Re: Charset usage data from Alexey Proskuryakov on 2008-07-22 (public-html@w3.org from July 2008)

From: Alexey Proskuryakov <ap@webkit.org>
Date: Tue, 22 Jul 2008 15:44:18 +0400
To: Philip Taylor <pjt47@cam.ac.uk>
Cc: Ian Hickson <ian@hixie.ch>, HTML WG <public-html@w3.org>
Message-Id: <5DE90963-8D2B-43F0-91D1-9AABCF8C1D4B@webkit.org>

On May 22, 2008, at 4:32 PM, Philip Taylor wrote:

>>> The encoding sniffing algorithm works significantly better with  
>>> 1024 bytes (finds 92% of charsets) that with 512 (finds 82%).
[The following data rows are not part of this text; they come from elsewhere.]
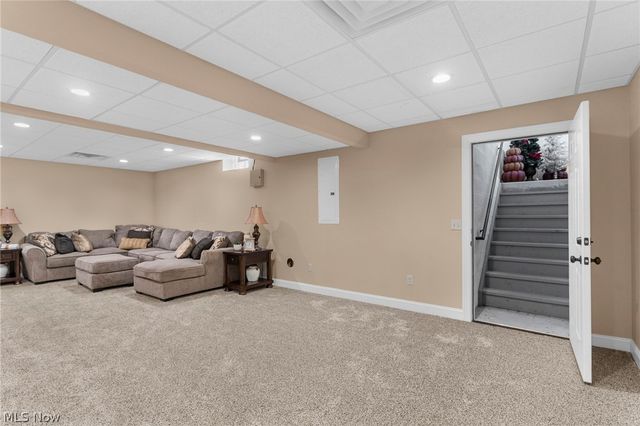 3358 Ridgely Park Drive, Poland, OH 44514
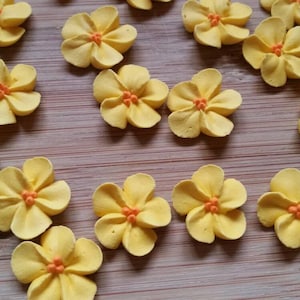 Made to order | 2 dozen small royal icing buttercup flowers | 3/4 inch | Sugar flowers | Edible cake decorations | Cupcake toppers
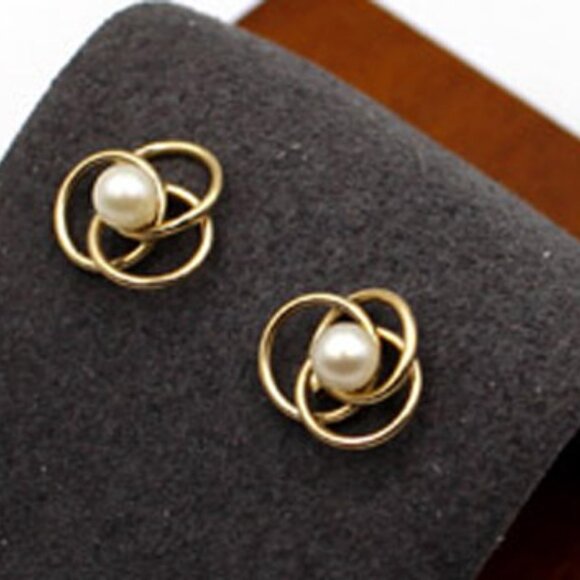 14K Pearl Stud Earrings with Flower Design - Picture 3 of 5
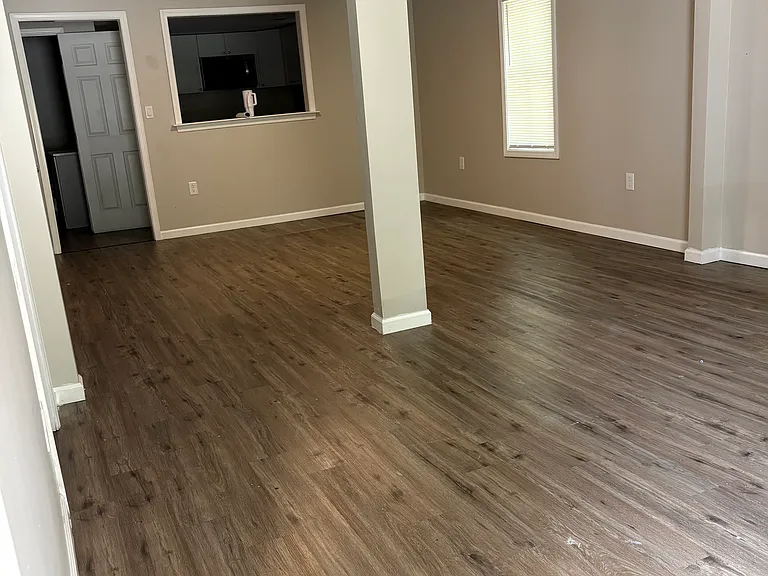 112 Holly Rd NW — Photo 4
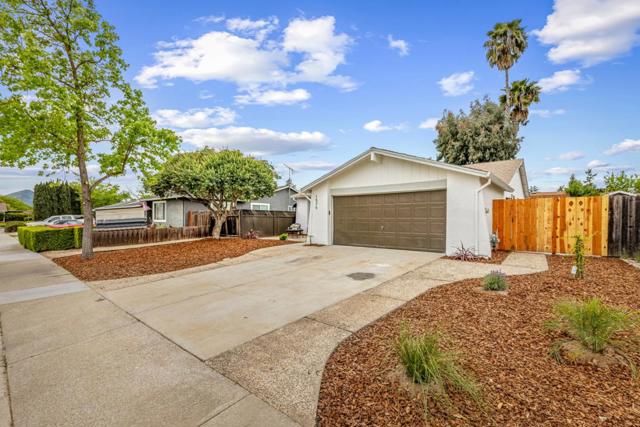1575 Acacia Way, Morgan Hill CA: https://media.crmls.org/mediaz/09709f20-c18f-466a-87c1-0bfb8ebb7f83.jpg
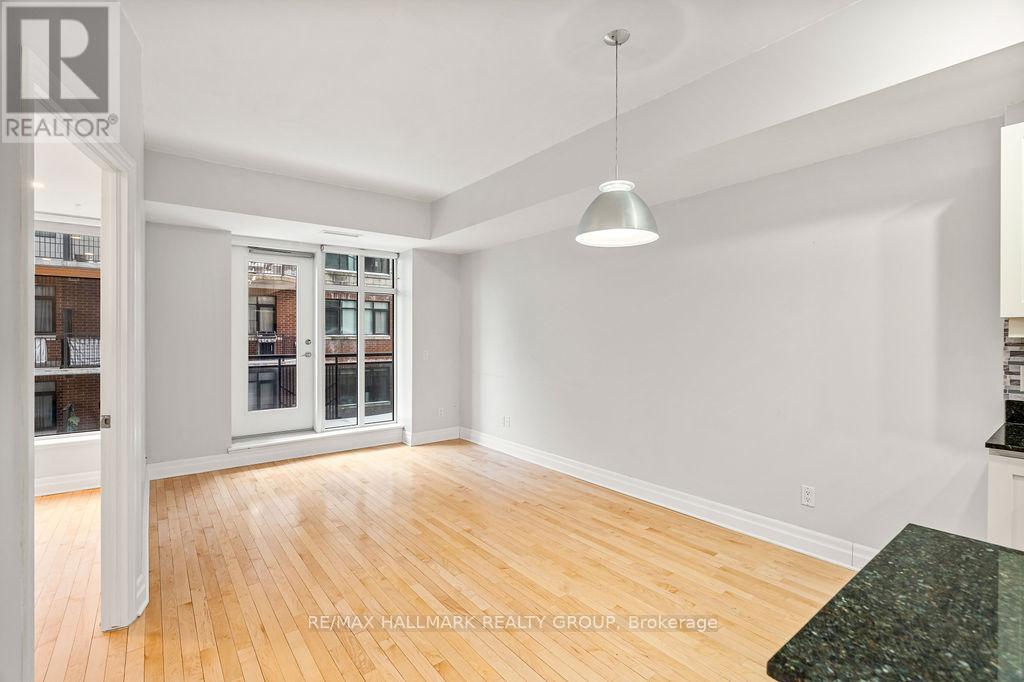 914 - 235 Kent Street, Ottawa, Ontario  K2P 2B9 - Photo 17 - X12459270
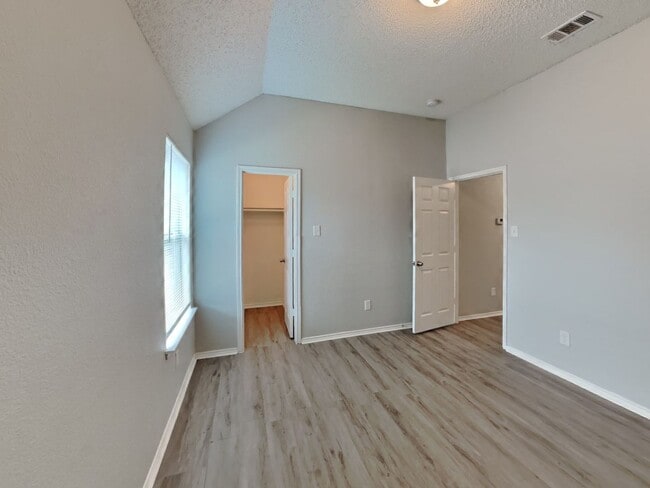 Building Photo - Beautiful 4BR Home in Denton with Fireplace, Fenced Yard & Garage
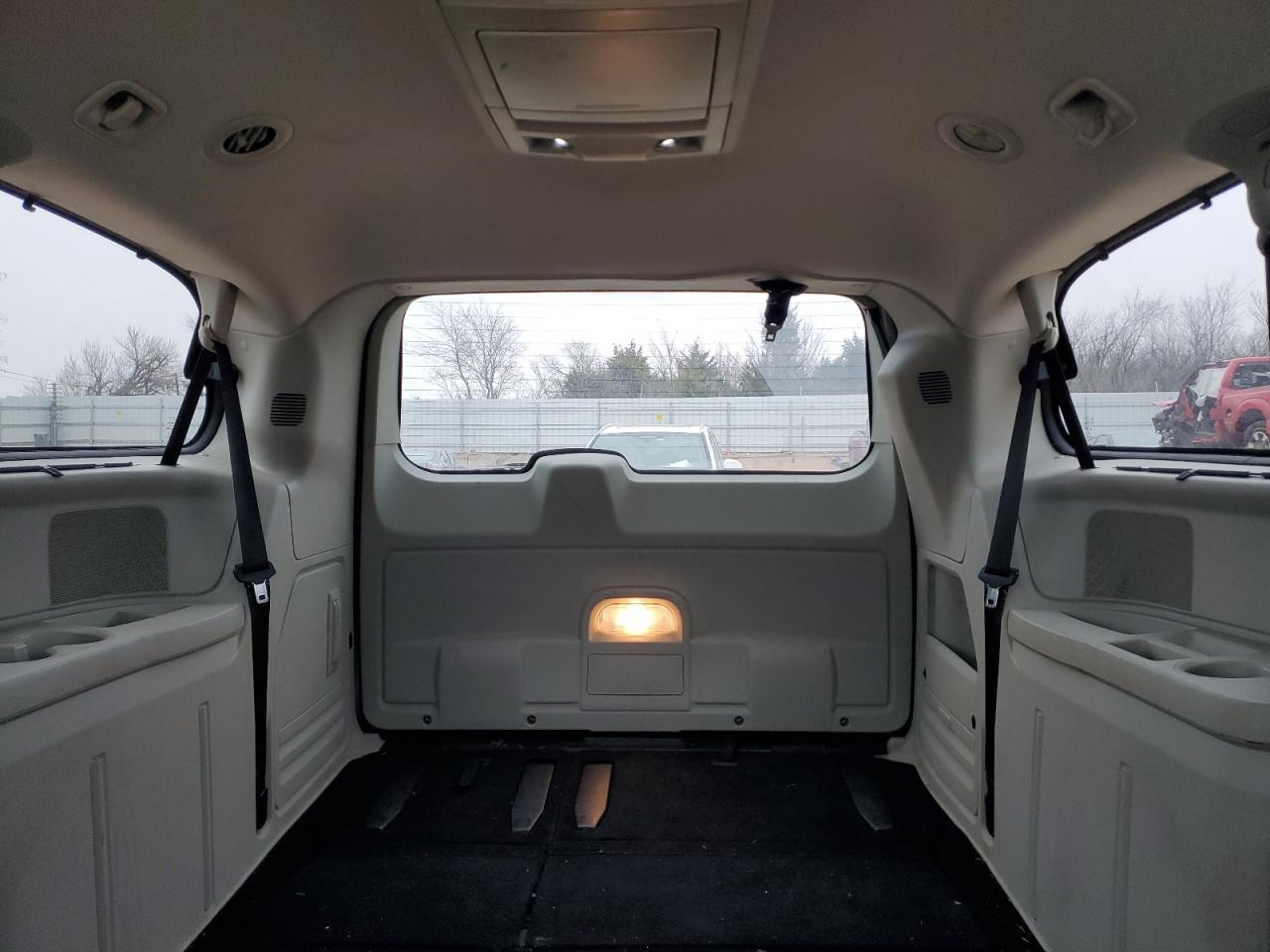 2013 Chrysler Town & Country - Image 10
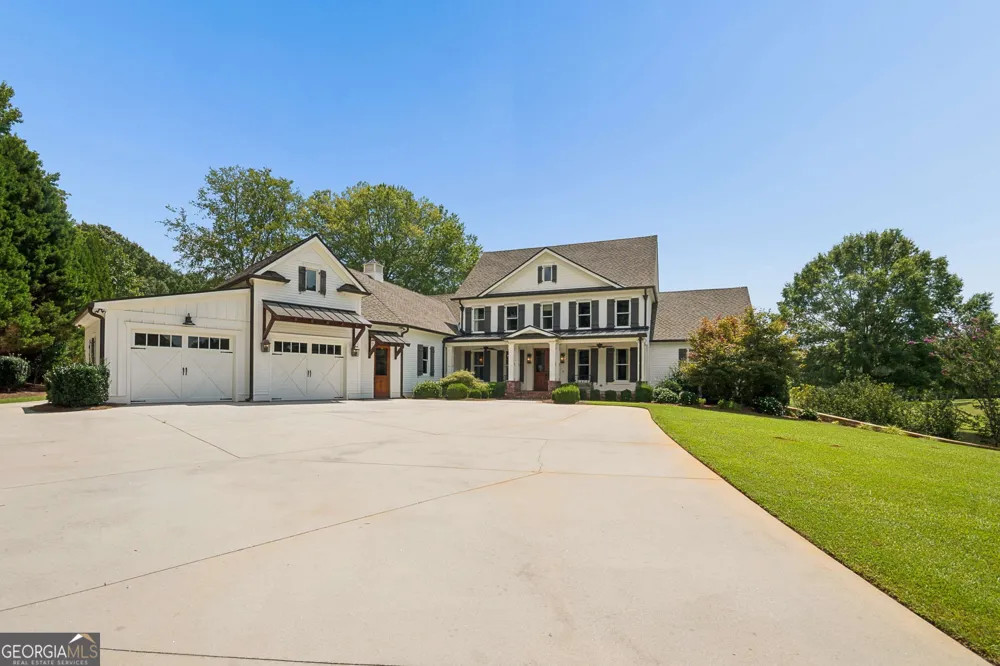 195 Green Meadow LN Fayetteville, GA 30215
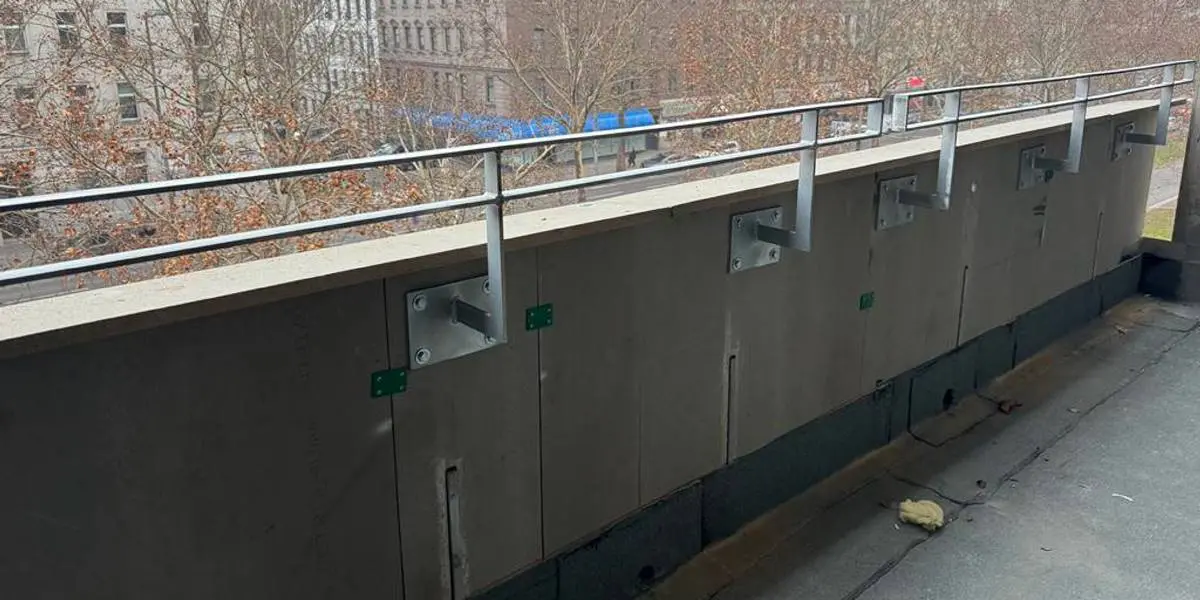 Flachdach Attika mit unvollständigem Abdichtungsanschluss und sichtbaren Fugen im Dachrandbereich 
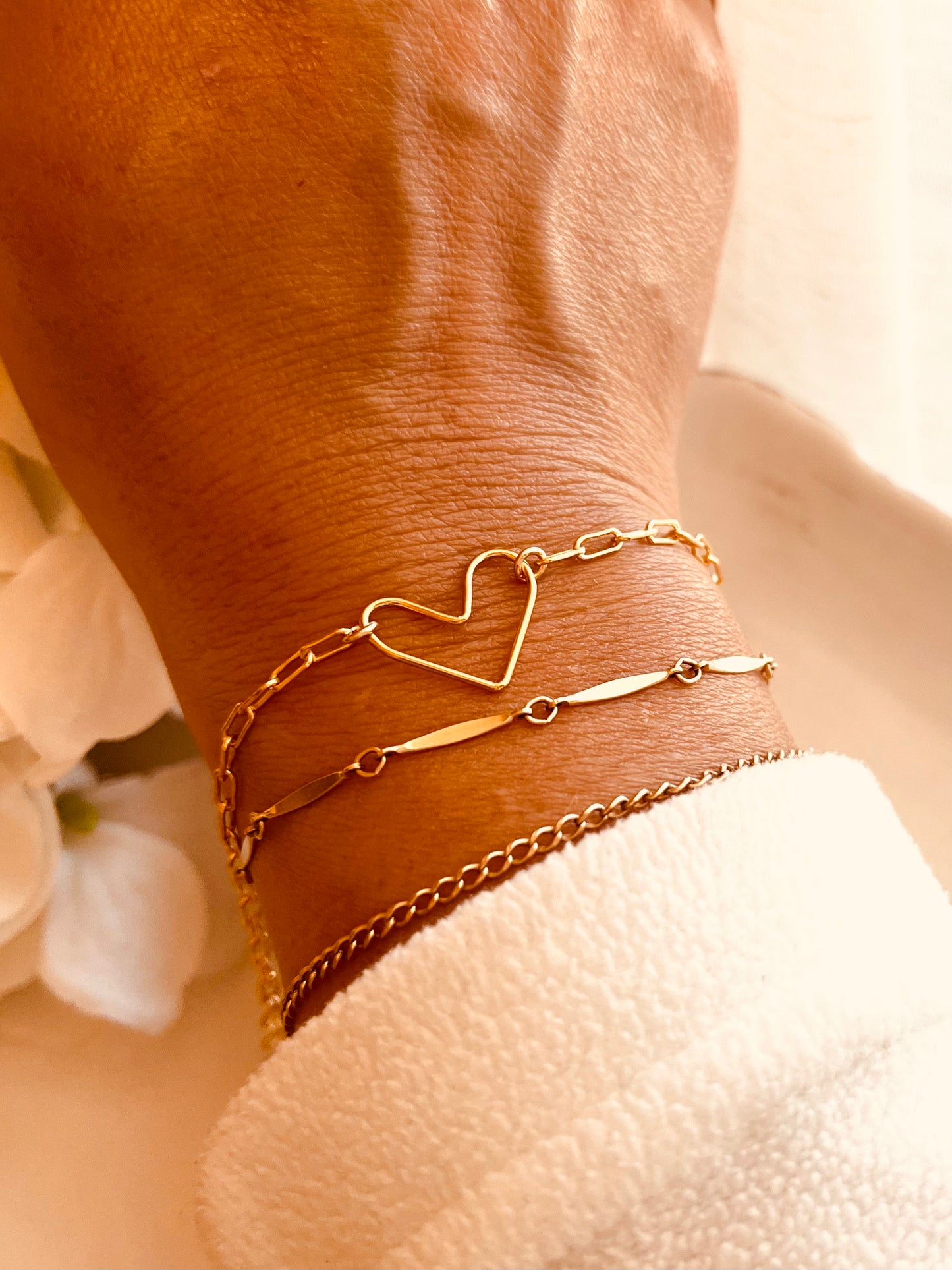 Heart Mini Open Heart Bracelet, Heart Bracelet, Heart Jewelry, Paperclip Chain Bracelet, Minimalist Chain and Link, Valentine's Day Gifts For Her, Chain Bracelet, Link Bracelet, Everyday Jewelry, Simple and Dainty, Minimalist Jewelry, Coco Wagner Design, Gift For Her, Holiday Gift Ideas, Chain Bracelet, Link Bracelet, Stack bracelets, Gold filled bracelets, Gold Chain Bracelet, Chain and Link, Gold chain Bracelet, Minimalist Jewelry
If  
>>> anyone cares, I could try a more detailed comparison to see if  
>>> there's a 'good' value that could be suggested to UA developers,  
>>> since the 512 bytes used as an example in the spec is not great.
>> As far as I can tell, 512 bytes is the sweet spot after which you  
>> get diminishing returns (you got 80% with 512, but doubling it only  
>> got you an extra 10%).
>
> But on the other hand, doubling it got a huge 50% decrease in false  
> negatives :-)
> (Seems like it's just a tradeoff that can be interpreted however you  
> want, and I've got no idea what would be best in practice, and 512  
> doesn't sound less reasonable than anything else.)


FWIW, WebKit has just switched to checking 1024 bytes instead of 512  
(and we ignore charset declarations outside of HEAD past that boundary).

- WBR, Alexey Proskuryakov

Received on Tuesday, 22 July 2008 11:45:29 UTC